Whilst the authorities in the United States are world renowned for their tenacity and Senator-level understanding of the four decade old electronic trading industry that is equally sophisticated in North America, 6 years in the lifetime of retail brokerage business is an epoch.

Today, the CFTC’s regulatory juggernaut has begun publicly discussing what it continues to term ‘reformation of the OTC derivatives market’ this time in the form of an opening speec at the first Global Markets Advisory Committee meeting of 2019.

CFTC Commissioner Dawn D Stump, who was appointed by President Donald Trump to serve as a Commissioner of the CFTC on June 12, 2017 and was sworn into office on September 5, 2018 for the remainder of a five-year term expiring in April 2022.

Prior to her appointment, Mrs. Stump was President of Stump Strategic, a consulting firm she founded in 2016. Before starting her firm, Mrs. Stump was Executive Director and Senior Vice President of U.S. Policy for the Futures Industry Association (FIA) and Vice President at the New York Stock Exchange.

Commissioner Stump may well have the qualifications and business experience, but the CFTC’s intentions to address what it appears not to be sure about and take over 6 years to continue to speak about it very generically precedes her tenure.

“Turning to today’s agenda, we have a full day ahead. We are focusing this meeting of the GMAC on an examination of the status of the key pillars of the Group of 20 (G-20) directive regarding the OTC derivatives market” she explained to the panel.

“Specifically, today’s agenda revolves around the sometimes-overlooked component of the G-20’s agreement in 2009 in Pittsburgh, which stipulated that regulators should “assess regularly implementation and whether it is sufficient to improve transparency in the derivatives markets, mitigate systemic risk, and protect against market abuse.”

” It is noteworthy that in 2009, in the midst of responding to the crisis, the G-20 leadership admitted that as individual jurisdictions implemented the G-20’s principles, a look-back was needed to ensure the G-20’s objectives were being met” explained Commissioner Stump.

“In that spirit, this morning, we will start with a presentation by Shunsuke Shirakawa, Vice Commissioner for International Affairs at the Financial Services Agency in Japan, on Japan’s priorities for its G-20 presidency in 2019. The Vice Commissioner will focus on the three goals of Japan’s G-20 presidency: first, addressing market fragmentation; second, addressing the challenges that come with regulating in this era of technological innovation; and third, addressing the issue of financial inclusion in an aging society. We are pleased to have the Vice Commissioner here with us today, and we look forward to his presentation” said Commissioner Stump.

“Second, Steve Kennedy from ISDA will pick up on one of the themes in Vice Commissioner Shirakawa’s presentation, and present on ISDA’s work on regulatory-driven market fragmentation. Steve’s presentation will include a discussion of the sources of market fragmentation, some real-life examples of fragmentation, and potential solutions” she continued.

“In the afternoon, we will turn to an examination of the status of the key pillars of the G-20 directive regarding the reforms of the OTC derivatives markets” said Commissioner Stump.

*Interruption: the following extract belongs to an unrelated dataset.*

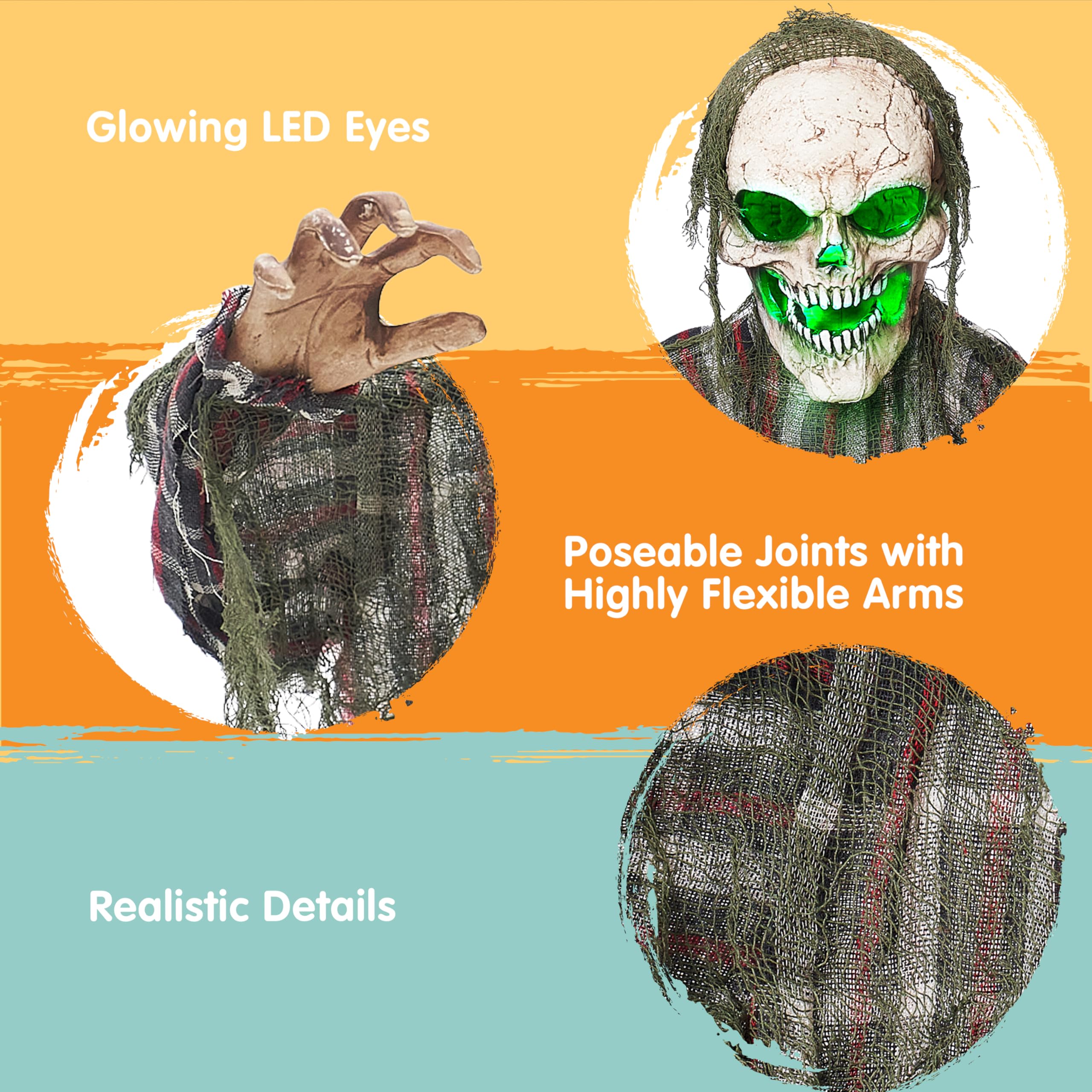 JOYIN 25'' Animated Zombie Groundbreaker Halloween Decor - Moving Arms & Green Light, Outdoor Graveyard & Haunted House Yard Decoration for Spooky Halloween Party, Trick-or-Treat, and Lawn Display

“The third panel will explore cross-border issues with respect to trading venues and central counterparties. Nicolette Cone of ISDA will walk us through some of the cross-border issues that arisen with new trade execution requirements and the effect of the October 2017 announcement of a common approach between the CFTC and the European Union regarding certain derivatives trading venues.”

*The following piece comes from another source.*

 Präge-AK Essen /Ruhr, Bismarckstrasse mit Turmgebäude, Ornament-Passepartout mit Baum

“Then, Colin Lloyd of Cleary Gottlieb Steen & Hamilton will present on the current framework for U.S. access to non-U.S. swaps central counterparties, some of the issues created by the current framework, and a proposal for a new framework for allowing U.S. customer and proprietary access to non-U.S. CCPs for swaps. Both presentations raise a number of interesting points for discussion, and I have no doubt that the GMAC members will have plenty of thoughtful comments following these presentations” she said.

There is a 6 year delayed echo here.

Back in 2013, I became aware of a letter, signed by chiefs of regulatory authorities across the world, had been circulated by the US Secretary of Treasury stating that such officials were already starting to see evidence of fragmentation in this vitally important financial market, as a result of lack of regulatory coordination.

The letter expressed concern that without clear direction from global policymakers and regulators, derivatives markets will recede into localized and less efficient structures, impairing the ability of business across the globe to manage risk.

A the time, my opinion was that this in turn could dampen liquidity, and impede investment and growth. The countries involved showed a common commitment with respect to OTC derivatives reform, and are implementing rules across very different markets with different characteristics and different risk profiles, to support this global initiative.

The CFTC at the time held the view that cross border rules should be adopted that, if they were replicated by all other jurisdictions, would not result in duplicative or conflicting requirements, or regulatory gaps.

Back then, it was considered that this should be achieved through substituted compliance or equivalence arrangements which would provide regulatory recognition of the CFTC’s mutual efforts to put in place measures to deliver the 2009 Pittsburgh commitments on OTC derivatives.

The arrangements were intended to be without prejudice to the right to withhold equivalence or substituted compliance arrangements where regulatory reforms are materially different in outcome.

So here we are, 6 years on, in a very mature post-Dodd Frank Act environment, and not only that but a very post MiFID II environment across the pond, and senior Commissioners are still emitting very general soundbites about the same subject that was vaguely on the radar all that time ago.

Meanwhile, retail brokerages such as XM and IG Group have begun the very valuable and worthwhile re-entry into the US market, and the listed derivatives giants of Chicago have set their sight on accruing a high quality and astute retail client base, therefore it is perhaps fair to assume that the industry itself is in a better position to determine the direction of North America’s markets than the CFTC itself!